Two theories have prevailed respecting the origin of man. One is what we call the theory of supernaturalism, which supposes that the divine being, at a certain period of time, when every other condition was fulfilled, came down, and by special power formed man in his present shape, and imparted to him his present spiritual life; and that from that man thus formed, and a woman formed for his companion, sprang all the rest of the human family. Others, who adhere to this idea in general, suppose that there was a plurality of parents, from whom the human race have proceeded. The opposite theory is, that man has been developed from the animal kingdom—that he is a development of the animal in a higher plane. This theory was advocated by La Marc. Now, I believe in neither theory. The truth lies between the two. In the outset I made this remark, which I intended to be understood as meaning all that it implied: that God is the Father of the spirit, while matter is the mother of the form. Matter is finite in all its attributes and qualities. God is infinite in all his attributes and qualities. Man is taken from the finite in his lower plane. His form is nourished and fed by its connection with the finite, and when the spirit is separated therefrom, this portion of man goes to decay; and so far as he is concerned as an individual, he is no more. On the other hand, man comes from the infinite, in the higher department of his being, so that man partakes of both the finite and the infinite. He is in the image of his mother, as well as of his father. He is created in the image of God and the image of matter. He has both an individuality and a personality. In his finity he is an individual; in his divinity he is personal. Therefore man contains in himself all the germinal elements of the universe, and also the representative elements of the Divine Being.

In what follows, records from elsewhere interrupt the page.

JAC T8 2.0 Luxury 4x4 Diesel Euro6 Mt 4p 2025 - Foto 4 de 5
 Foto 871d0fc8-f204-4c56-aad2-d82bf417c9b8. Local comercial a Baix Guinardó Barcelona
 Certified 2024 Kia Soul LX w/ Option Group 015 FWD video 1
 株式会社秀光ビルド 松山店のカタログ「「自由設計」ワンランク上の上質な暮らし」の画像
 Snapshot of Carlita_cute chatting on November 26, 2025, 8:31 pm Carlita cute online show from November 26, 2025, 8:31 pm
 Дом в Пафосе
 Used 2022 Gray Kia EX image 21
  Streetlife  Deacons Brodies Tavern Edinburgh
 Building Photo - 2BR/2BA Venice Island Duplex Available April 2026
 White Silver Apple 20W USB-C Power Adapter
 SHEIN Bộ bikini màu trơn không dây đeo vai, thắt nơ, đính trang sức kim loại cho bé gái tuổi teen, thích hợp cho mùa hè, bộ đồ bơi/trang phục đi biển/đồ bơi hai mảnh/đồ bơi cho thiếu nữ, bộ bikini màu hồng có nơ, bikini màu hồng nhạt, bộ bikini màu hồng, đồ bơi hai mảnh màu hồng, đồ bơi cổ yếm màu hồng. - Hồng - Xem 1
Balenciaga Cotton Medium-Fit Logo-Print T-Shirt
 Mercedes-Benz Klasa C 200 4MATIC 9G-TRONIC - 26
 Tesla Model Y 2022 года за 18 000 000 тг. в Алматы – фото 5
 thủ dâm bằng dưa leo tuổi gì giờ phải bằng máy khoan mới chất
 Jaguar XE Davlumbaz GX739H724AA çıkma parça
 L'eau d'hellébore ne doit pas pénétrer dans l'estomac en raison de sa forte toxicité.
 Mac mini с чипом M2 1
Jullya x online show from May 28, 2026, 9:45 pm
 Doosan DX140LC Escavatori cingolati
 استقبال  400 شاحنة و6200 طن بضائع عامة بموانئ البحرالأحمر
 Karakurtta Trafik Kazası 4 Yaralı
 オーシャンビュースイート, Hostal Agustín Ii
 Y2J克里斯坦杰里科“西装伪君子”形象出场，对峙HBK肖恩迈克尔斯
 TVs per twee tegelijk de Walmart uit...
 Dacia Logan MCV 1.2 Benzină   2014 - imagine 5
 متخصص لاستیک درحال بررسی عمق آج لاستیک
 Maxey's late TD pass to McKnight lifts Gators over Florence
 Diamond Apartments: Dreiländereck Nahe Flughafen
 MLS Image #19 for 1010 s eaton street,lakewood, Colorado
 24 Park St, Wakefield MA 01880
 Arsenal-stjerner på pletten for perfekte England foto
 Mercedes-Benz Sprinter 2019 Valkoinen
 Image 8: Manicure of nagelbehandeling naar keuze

As a being of form man became receptive of conditions. The mineral eventually became receptive of the principle of life, which developed the vegetable kingdom. The moment this life-principle began to work in producing organic structure and multiplying relations and conditions, a variety of forms succeeded, until forms were brought to such a point that they became receptive of a higher principle—the nerve principle or consciousness, and the animal kingdom was the result. The vegetable kingdom only produced the form. The spirit came into it by induction from the other direction. The vegetable did not produce the animal; it merely produced the conditions by which this conscious principle could be induced into the individuality developed by the vegetable. That individuality was raised out of the vegetable and placed upon the animal plane, and a new kingdom was born by the application of the law of commensurability. Eventually form was elaborated through the entire animal kingdom until the highest form the nerve-principle could produce, was produced.